[Goal of the exercise]
Please reproduce the data exactly, excluding any pictures it contains.

[Source data]
──────────────────────────────

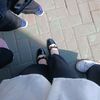 rofiqohna_4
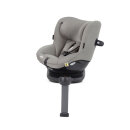 Joie Kindersitz i-Spin 360 E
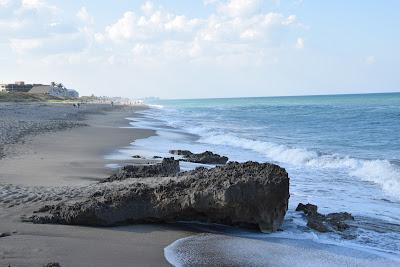 Sandee - Santa Lucea Beach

──────────────────────────────

[Output for this exercise]
 rofiqohna_4
 Joie Kindersitz i-Spin 360 E
 Sandee - Santa Lucea Beach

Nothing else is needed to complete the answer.